AuthorRufus Pollock (Open Knowledge Foundation)

The following develops a changeset approach for revisioning databases (data/datasets). The approach taken has some similarities to that found in source control for software, especially mercurial and git.

It is agnostic about format of versioning (i.e. copy-on-Write versus diffs). For more on this, see Appendix below on Recording Changes to the Database.

The Changeset Model

Key Concepts

  • Changeset - a change to the database

    • includes metadata about this change
    • lists set of changes to database (e.g. changes to individual documents/rows) in the form of ChangeObjects
  • ChangeObject - a description of a change to an individual database object (e.g. row in relational DB or document in a document DB)

In addition we have:

  • Working Copy - the representation of the current state of the system resulting the application of specified set of changesets

Optional (?) additional items:

  • Tags
  • Branches

Remarks: Changesets form a directed acyclic graph.

Changeset

At its simplest changeset is just an id plus timestamp (for ordering –timestamp can be dropped if ids are orderable):

  • id: uuid
  • timestamp

In addition systems can include fields such as:

  • author - name of user creating change
  • message - summary message describing change
  • metadata - arbitrary key/value metadata
  • manifest - dict of ChangeObjects keyed by object_id
  • [optional] parents = ordered list of ids

ChangeObject

  • object_id - a tuple forming a unique identifier for this object within the database
  • operation_type: delete update create (move? copy?)
  • representation: serialization of this change either as full dump of object (copy-on-write) or diff

Doing Things

Applying changes to a working copy

Trivial.

Reconstructing the repository at a given changeset/revision

Specifically we require to reconstruct a given object at that changeset. The process:

  1. Get object ID
  2. If using CoW (copy-on-write): find first changeset <= {given-changeset} in which there is a ChangeObject entry containing the object ID and return this. END.
  3. If using diff: find all ChangeObjects with changesets <= {given-changeset} and concatenate. Return resulting object.

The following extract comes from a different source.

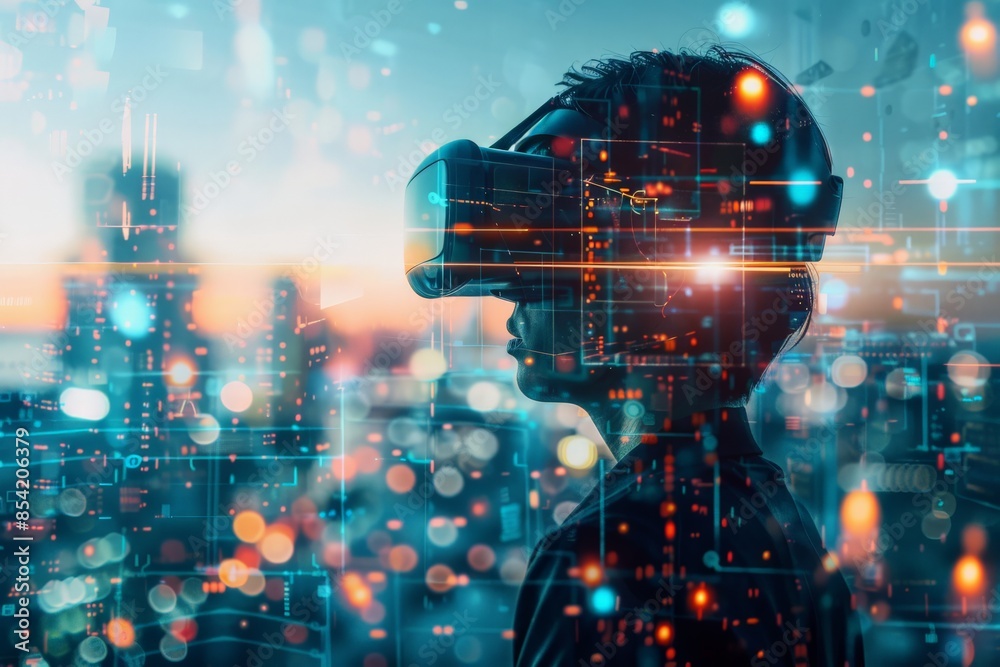 Poster an individual wearing a virtual reality headset, immersed in a digital world with futuristic interfa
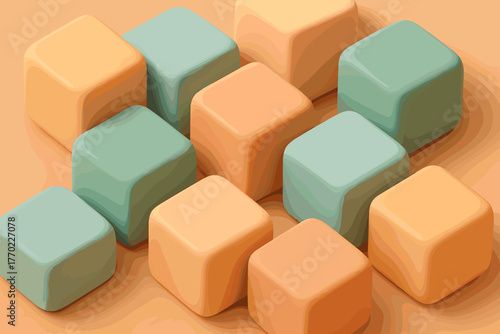 Pastel smooth slightly vector soft creating highlights matte cubes realism illustration gentle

Get all changes to a given object

Search ChangeObjects by object_id, and order by the order on Changesets (if there is one).

Merging

Pending Changes

This is a common use case where you want to record changes but only make them visible when approved in some way. It can also be useful if you are worried about spam revisions.

Questions

Practical

  • How do we cherry-pick? I.e. select certain changesets and not others (they depend
  • How do we transplant? Ie. copy a set of changesets from one line of development to another?

Technical

  • How do we compute changeset ids (and changeobject ids)?
  • Does the ordering of ChangeObjects in a ChangesetManifest matter? Current answer: No.

What’s Different from Git?

We don’t store a current state of the database on each commit (rather we store changes to the database and copies or diffs of domain objects).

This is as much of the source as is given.